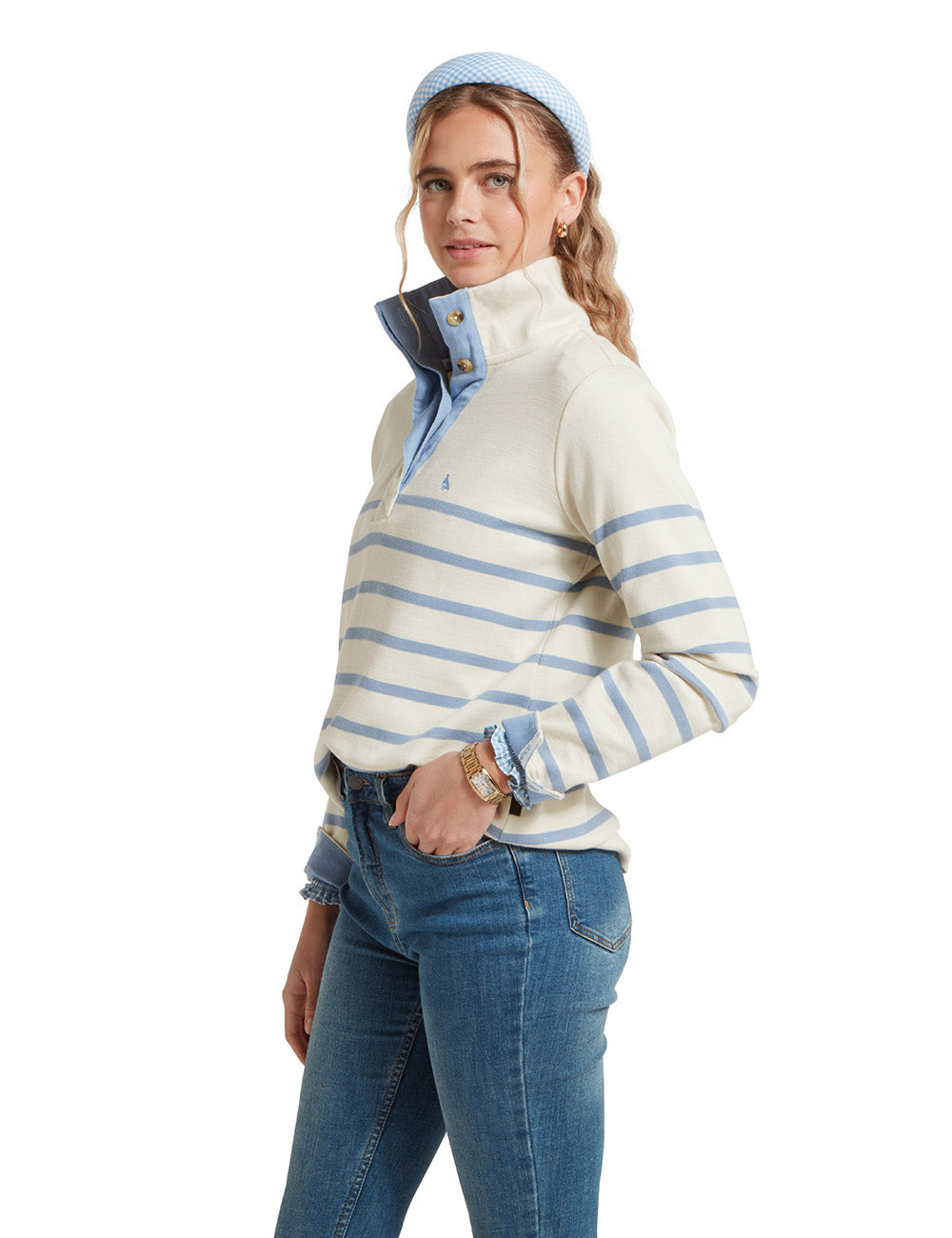 Schoffel Sandown Sweatshirt - Pale Stone Stripe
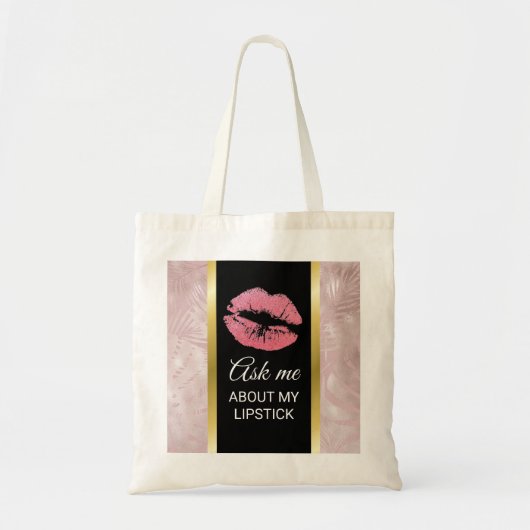 Roze glitter lips vragen me over mijn lippenstift tote bag (Voorkant)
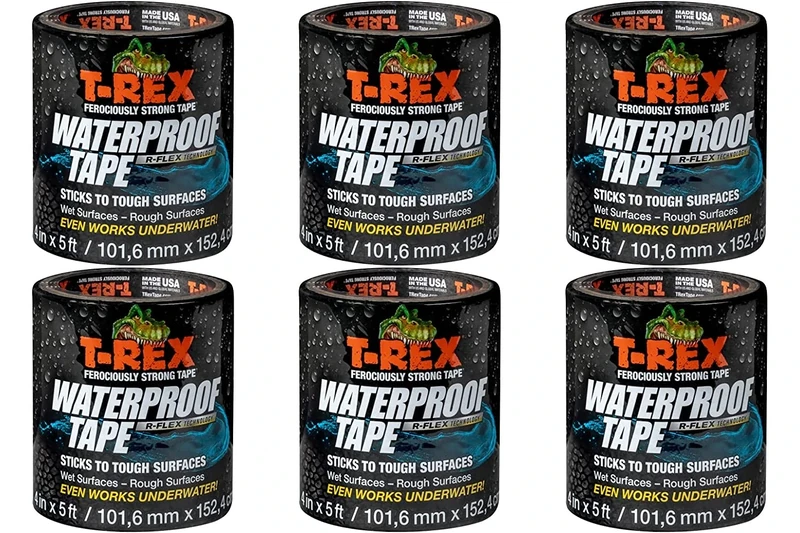 T-REX Tape Waterproof Tape 101mm x 1.52cm, Pack of 6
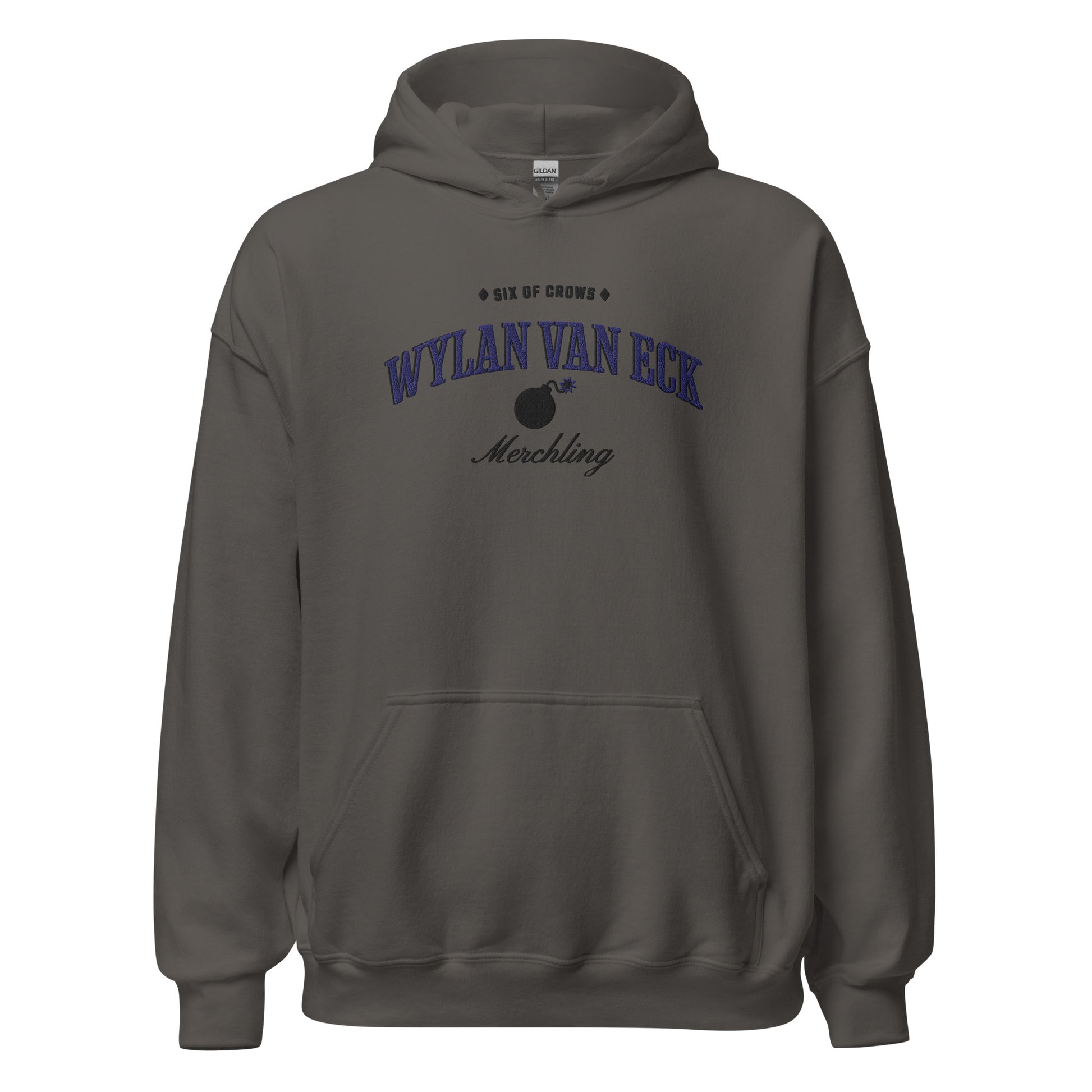Wylan Van Eck Embroidered Hoodie - The Bean Workshop - Bookworm Hoodie, Demolitions Spark, Fantasy Character, Grishaverse gift, leigh bardugo, Leigh Bardugo bookish hoodie for readers, Literary Streetwear, Merchling fan merchandise, Minimalist Design, Six of Crows hooded sweatshirt, The Dregs apparel, Wesper, Wylan Van Eck embroidered hoodie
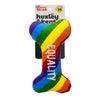 Huxley & Kent Dog Toys Tiny Tuff Equality Rainbow Plush Squeak Bone Dog Toy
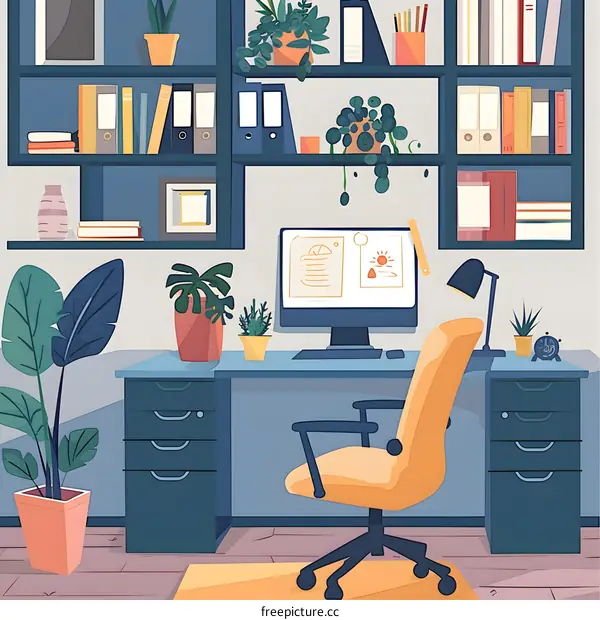 Modern Home Office Workspace With Computer Desk And Bookshelf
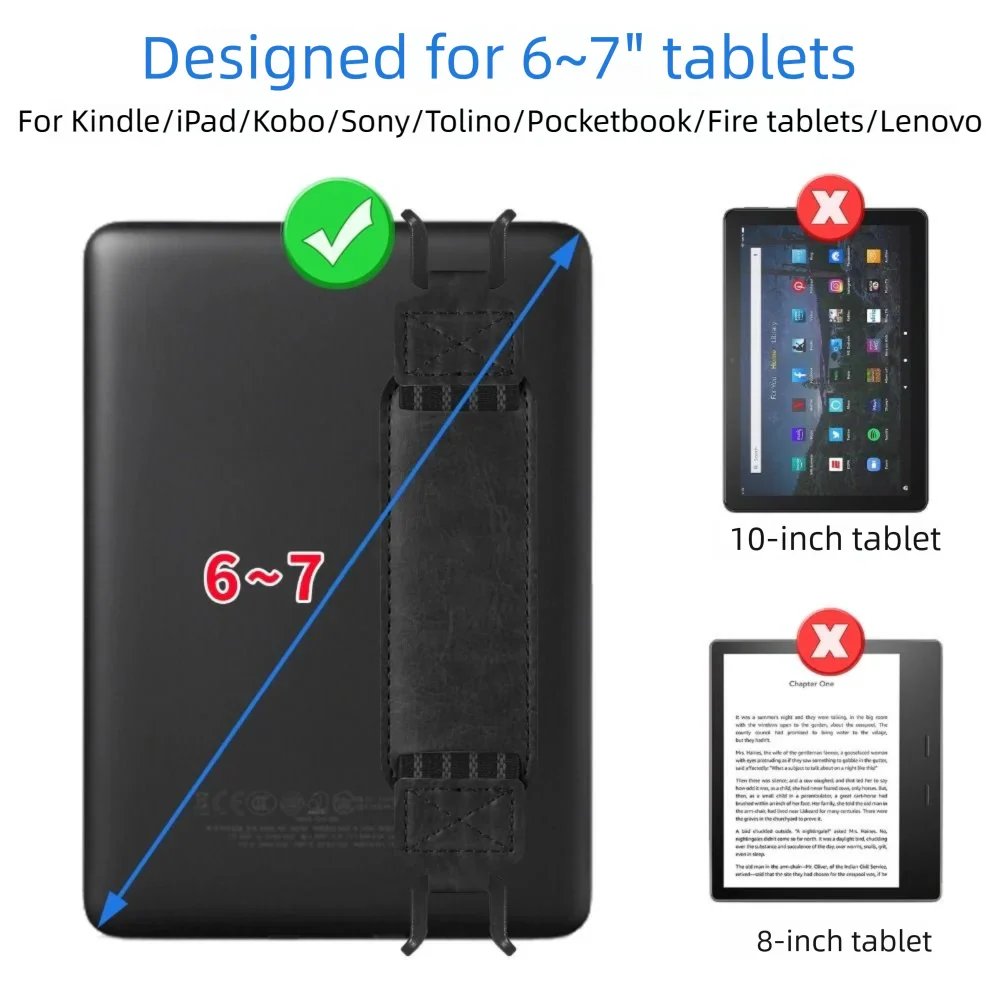 Leather Tablet Hand Strap — Elastic Anti-Drop E-Reader Holder for Kindle, iPad, Kobo, Sony, Pocketbook, Lenovo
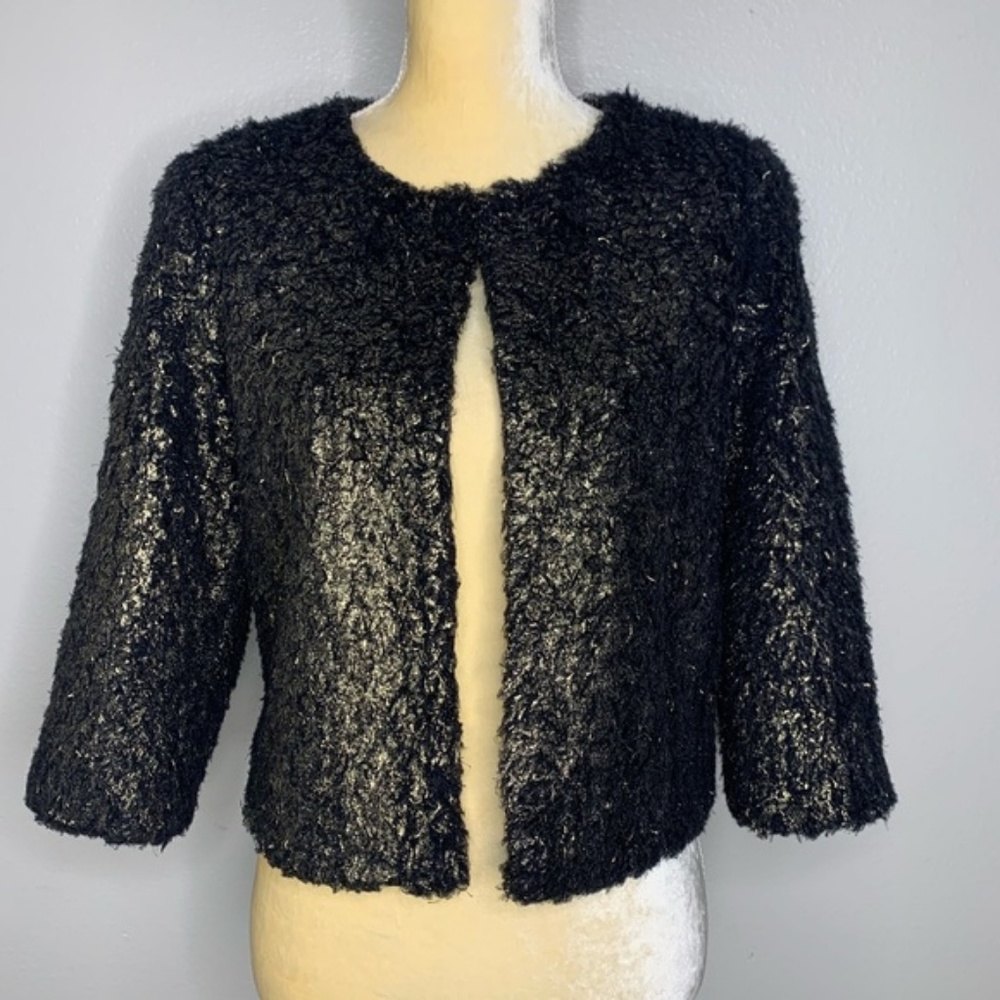 NWT Chelsea Violet Fuzzy Gold Black Bolero Jacket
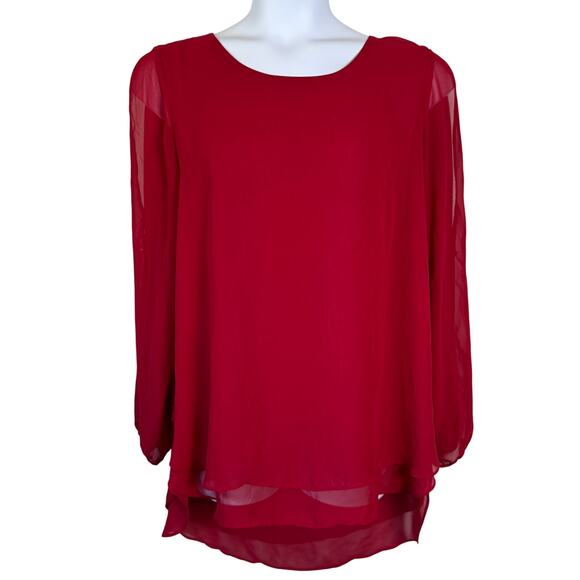 Zac & Rachel Red Top Sz XL Sheer Split Long Sleeve Hi-Low Boho Chic Romantic - Picture 1 of 10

▶ EXERCISE INSTRUCTIONS:
Taking the entries above, extract every line from the one bearing "Huxley & Kent" through the one bearing "NWT Chelsea Violet", exactly, with no pictures.

▶ RESULT FOR THIS TASK:
 Huxley & Kent Dog Toys Tiny Tuff Equality Rainbow Plush Squeak Bone Dog Toy
 Modern Home Office Workspace With Computer Desk And Bookshelf
 Leather Tablet Hand Strap — Elastic Anti-Drop E-Reader Holder for Kindle, iPad, Kobo, Sony, Pocketbook, Lenovo
 NWT Chelsea Violet Fuzzy Gold Black Bolero Jacket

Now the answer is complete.